ON THIS PAGE
Understanding Sender-Based RPF in a BGP MVPN with RSVP-TE Point-to-Multipoint Provider Tunnels
In a BGP multicast VPN (MVPN) (also called a multiprotocol BGP next-generation multicast VPN), sender-based reverse-path forwarding (RPF) helps to prevent multiple provider edge (PE) routers from sending traffic into the core, thus preventing duplicate traffic being sent to a customer. In the following diagram, sender-based RPF configured on egress Device PE3 and Device PE4 prevents duplicate traffic from being sent to the customers.
Sender-based RPF is supported on MX Series platforms with MPC
line cards. As a prerequisite, the router must be set to network-services enhanced-ip
mode.
Sender-based RPF (and hot-root standby) are supported only for MPLS BGP MVPNs with RSVP point-to-multipoint provider tunnels. Both SPT-only and SPT-RPT MVPN modes are supported.

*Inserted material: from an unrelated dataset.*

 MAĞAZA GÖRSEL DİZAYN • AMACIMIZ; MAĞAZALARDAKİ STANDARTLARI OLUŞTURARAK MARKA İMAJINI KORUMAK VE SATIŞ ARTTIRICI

Sender-based RPF does not work when point-to-multipoint provider tunnels are used with label-switched interfaces (LSI). Junos OS only allocates a single LSI label for each VRF, and uses this label for all point-to-multipoint tunnels. Therefore, the label that the egress receives does not indicate the sending PE router. LSI labels currently cannot scale to create a unique label for each point-to-multipoint tunnel. As such, virtual tunnel interfaces (vt) must be used for sender-based RPF functionality with point-to-multipoint provider tunnels.

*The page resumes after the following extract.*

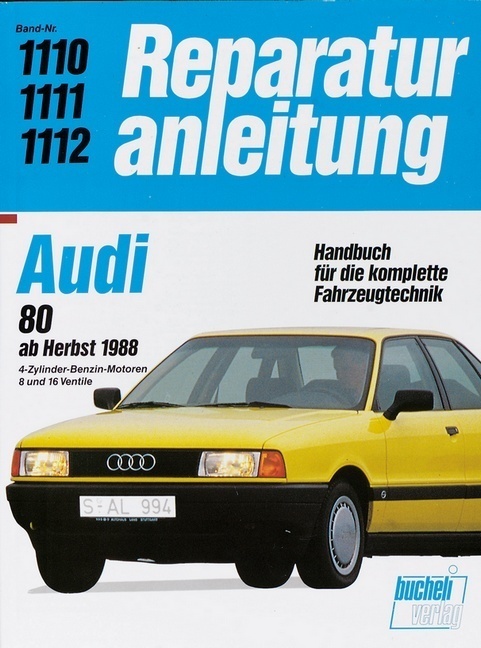 Cover: 9783716818312 | Audi 80 ab Herbst 1988 | Buch | 209 S. | Deutsch | 2012 | bucheli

Optionally, LSI interfaces can continue to be used for unicast purposes, and virtual tunnel interfaces can be configured to be used for multicast only.
Overview
In general, it is important to avoid (or recover from) having multiple PE routers send duplicate traffic into the core because this can result in duplicate traffic being sent to the customer. The sender-based RPF has a use case that is limited to BGP MVPNs. The use-case scope is limited for the following reasons:
-
A traditional RPF check for native PIM is based on the incoming interface. This RPF check prevents loops but does not prevent multiple forwarders on a LAN. The traditional RPF has been used because current multicast protocols either avoid duplicates on a LAN or have data-driven events to resolve the duplicates once they are detected.
-
In PIM sparse mode, duplicates can occur on a LAN in normal protocol operation. The protocol has a data-driven mechanism (PIM assert messages) to detect duplication when it happens and resolve it.
-
In PIM bidirectional mode, a designated forwarder (DF) election is performed on all LANs to avoid duplication.
-
Draft Rosen MVPNs use the PIM assert mechanism because with Draft Rosen MVPNs the core network is analogous to a LAN.

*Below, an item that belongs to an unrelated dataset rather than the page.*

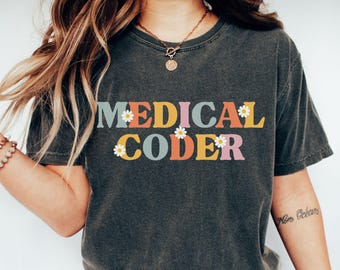 Medical Coder Comfort Colors Shirt, Medical Coding Tee, Medical Coder Gift, Funny Medical Coding Shirt, Medical Billing Shirt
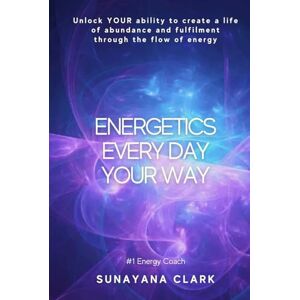 Clark, Sunayana Energetics Every Day Your Way: Unlock YOUR ability to create a life of abundance and fulfilment through the flow of energy. Clark, Sunayana Energetics Every Day Your Way: Unlock YOUR ability to create a life of abundance and fulfilment through the flow of energy.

Sender-based RPF is a solution to be used in conjunction with BGP MVPNs because BGP MVPNs use an alternative to data-driven-event solutions and bidirectional mode DF election. This is so, because, for one thing, the core network is not exactly a LAN. In an MVPN scenario, it is possible to determine which PE router has sent the traffic. Junos OS uses this information to only forward the traffic if it is sent from the correct PE router. With sender-based RPF, the RPF check is enhanced to check whether data arrived on the correct incoming virtual tunnel (vt-) interface and that the data was sent from the correct upstream PE router.
More specifically, the data must arrive with the correct MPLS label in the outer header used to encapsulate data through the core. The label identifies the tunnel and, if the tunnel is point-to-multipoint, the upstream PE router.
Sender-based RPF is not a replacement for single-forwarder election, but is a
complementary feature. Configuring a higher primary loopback address (or router ID)
on one PE device (PE1) than on another (PE2) ensures that PE1 is the
single-forwarder election winner. The
unicast-umh-election
statement causes the unicast route preference to determine the
single-forwarder election. If single-forwarder election is not used or if it is not
sufficient to prevent duplicates in the core, sender-based RPF is recommended.
For RSVP point-to-multipoint provider tunnels, the transport label identifies the sending PE router because it is a requirement that penultimate hop popping (PHP) is disabled when using point-to-multipoint provider tunnels with MVPNs. PHP is disabled by default when you configure the MVPN protocol in a routing instance. The label identifies the tunnel, and (because the RSVP-TE tunnel is point-to-multipoint) the sending PE router.
The sender-based RPF mechanism is described in RFC 6513, Multicast in MPLS/BGP IP VPNs in section 9.1.1.
The hot-root standby technique described in Internet draft draft-morin-l3vpn-mvpn-fast-failover-05 Multicast VPN fast upstream failover is an egress PE router functionality in which the egress PE router sends source-tree c-multicast join message to both a primary and a backup upstream PE router. This allows multiple copies of the traffic to flow through the provider core to the egress PE router. Sender-based RPF and hot-root standby can be used together to support live-live BGP MVPN traffic. This is a multicast-over-MPLS scheme for carrying mission-critical professional broadcast TV and IPTV traffic. A key requirement for many of these deployments is to have full redundancy of network equipment, including the ingress and egress PE routers. In some cases, a live-live approach is required, meaning that two duplicate traffic flows are sent across the network following diverse paths. When this technique is combined with sender-based forwarding, the two live flows of traffic are received at the egress PE router, and the egress PE router forwards a single stream to the customer network. Any failure in the network can be repaired locally at the egress PE router. For more information about hot-root standby, see hot-root-standby.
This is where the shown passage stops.